=== Begin Enclosure ===

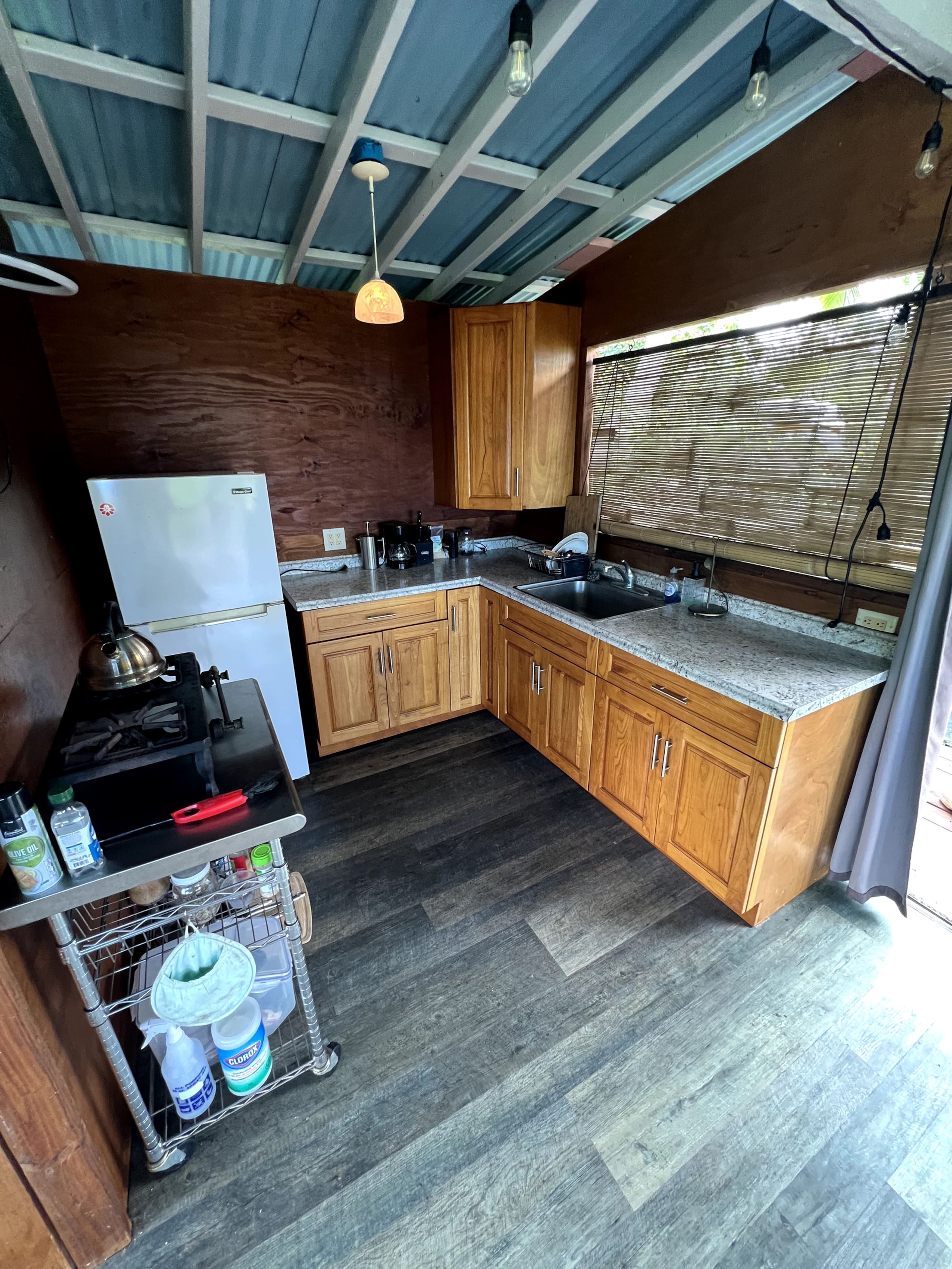 Cozy Sunset view Cabin - Photo 6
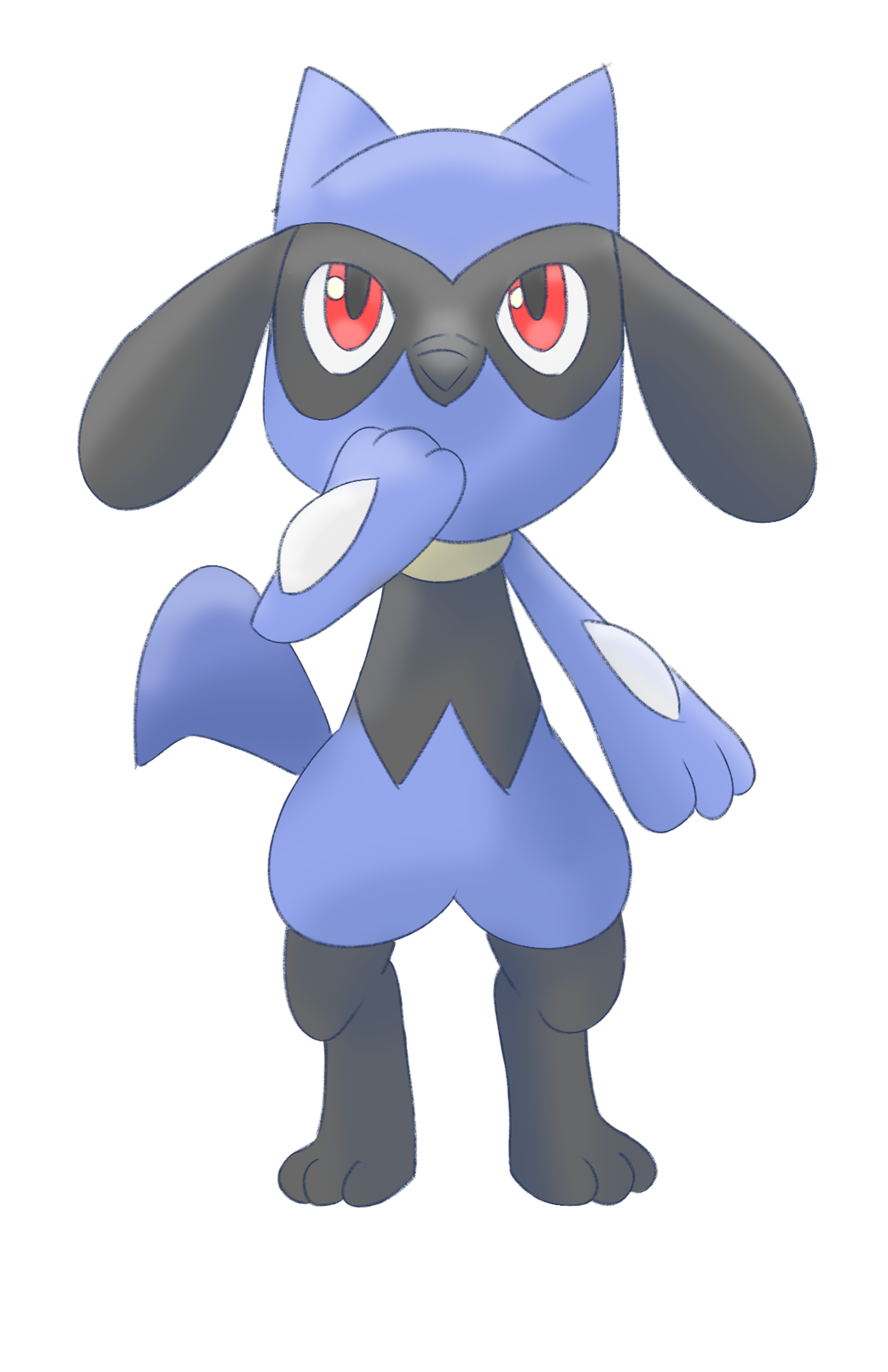 Riolu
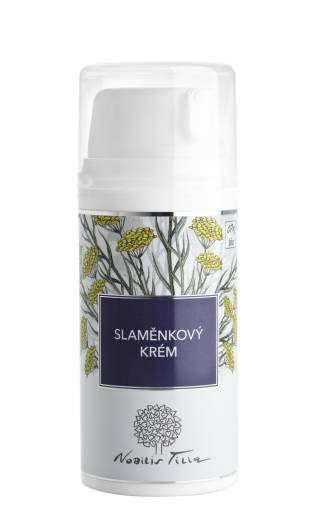 Slaměnkový krém: 100 ml Slaměnkový krém: 100 ml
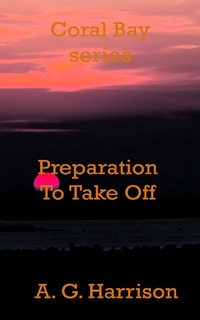 Enlarge image Cover: Preparation To Take Off - ebookpartnership.com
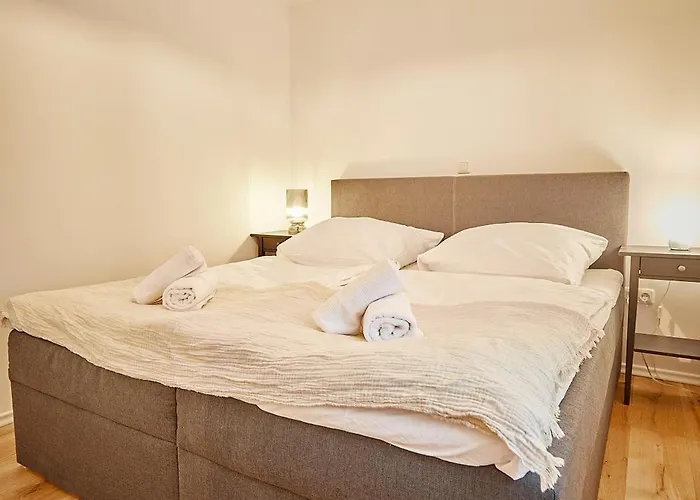 Haus Schoenblick Am Skilift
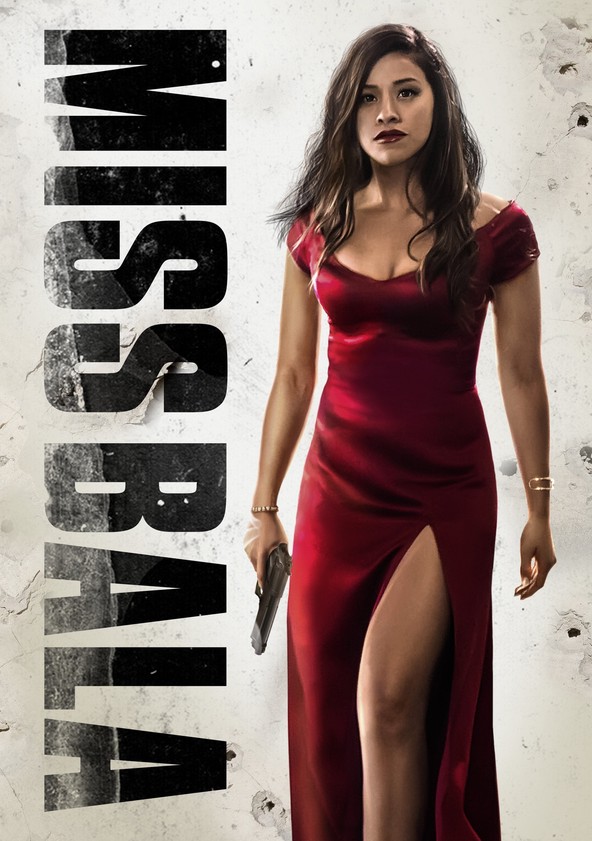 Miss Bala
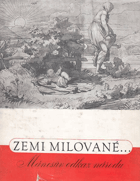 Zemi milované. Mánesův odkaz národu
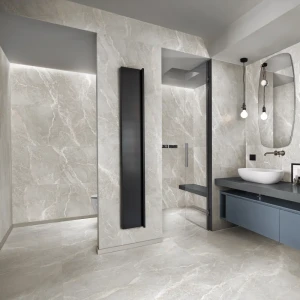 Глазурованный керамогранит Global Tile Spanito 60x120 см 1.44 м² матовый цвет бежевый 89448725 STLM-2180371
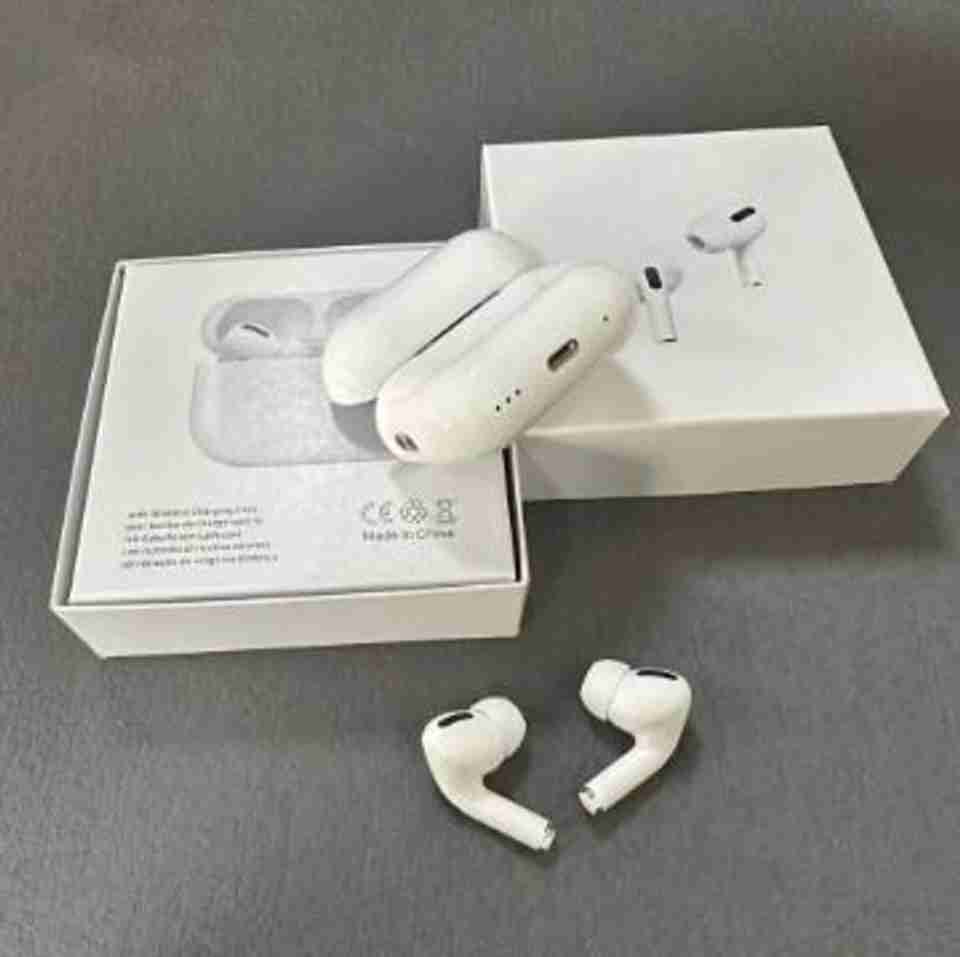 TOWST DORI_7 Bluetooth Headset White - Image 3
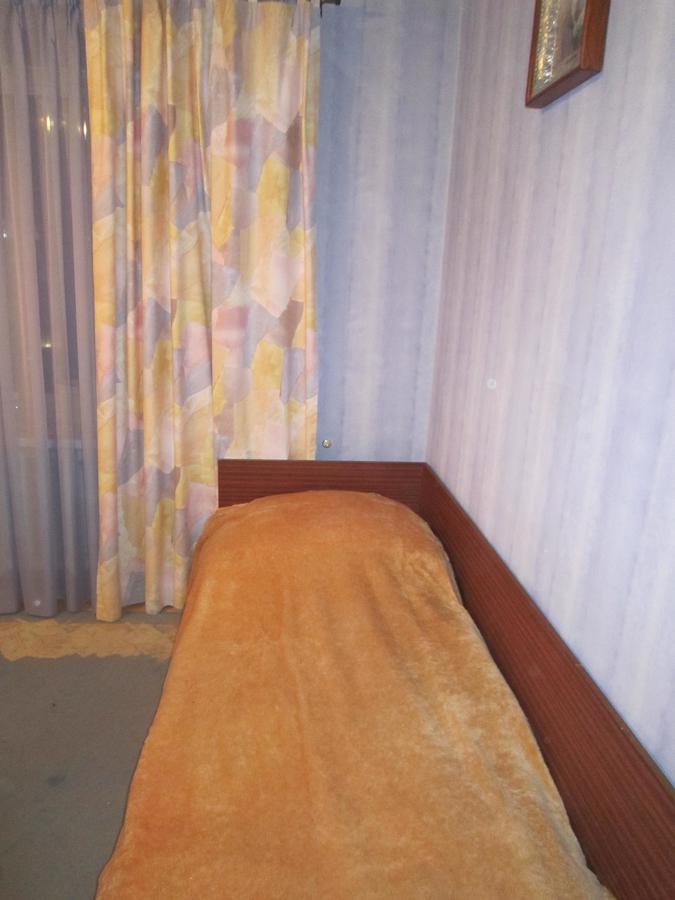 Apartment On Sovetskoy Konstitutsii 15 Brześć Zewnętrze zdjęcie
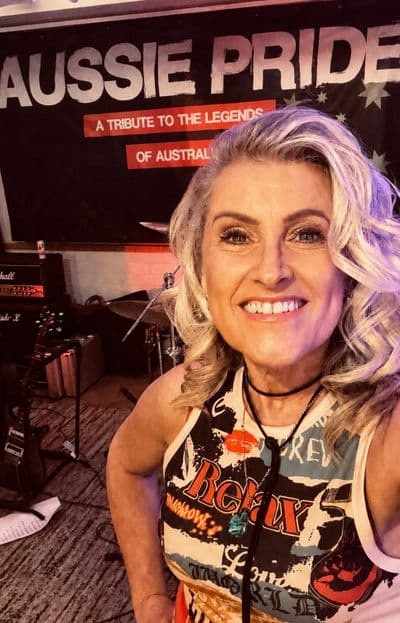 Profile image of Melissa J Scott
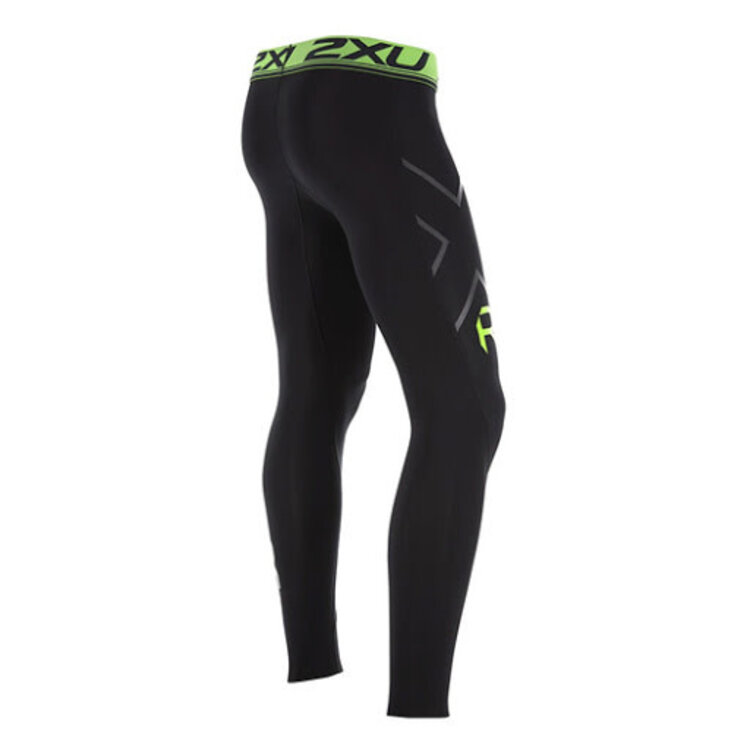2XU REFRESH  RECOVERY TIGHTS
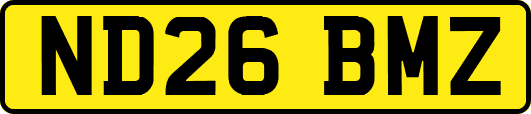 ND26BMZ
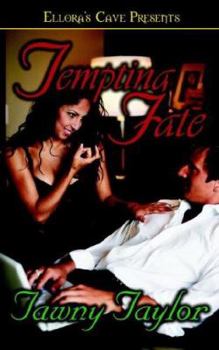 Paperback Tempting Fate Book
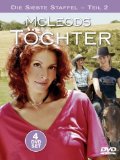 DVD - McLeods Töchter - 6.2 Staffel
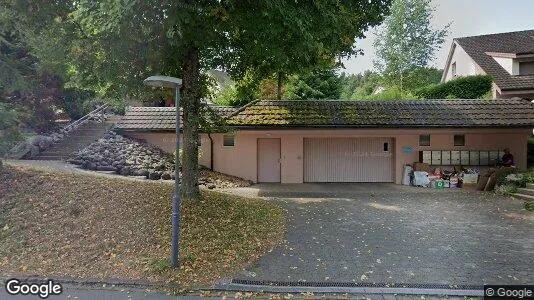 Rooms for rent in Uster - Photo from Google Street View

=== End Enclosure ===

### WHAT TO WORK ON
Each line from the one that contains "Haus Schoenblick Am Skilift" down to the one that contains "Paperback Tempting Fate Book" is to be returned exactly as it stands above, both ends included, with pictures removed.

### RESPONSE
 Haus Schoenblick Am Skilift
 Miss Bala
 Zemi milované. Mánesův odkaz národu
 Глазурованный керамогранит Global Tile Spanito 60x120 см 1.44 м² матовый цвет бежевый 89448725 STLM-2180371
 TOWST DORI_7 Bluetooth Headset White - Image 3
 Apartment On Sovetskoy Konstitutsii 15 Brześć Zewnętrze zdjęcie
 Profile image of Melissa J Scott
2XU REFRESH  RECOVERY TIGHTS
 ND26BMZ
 Paperback Tempting Fate Book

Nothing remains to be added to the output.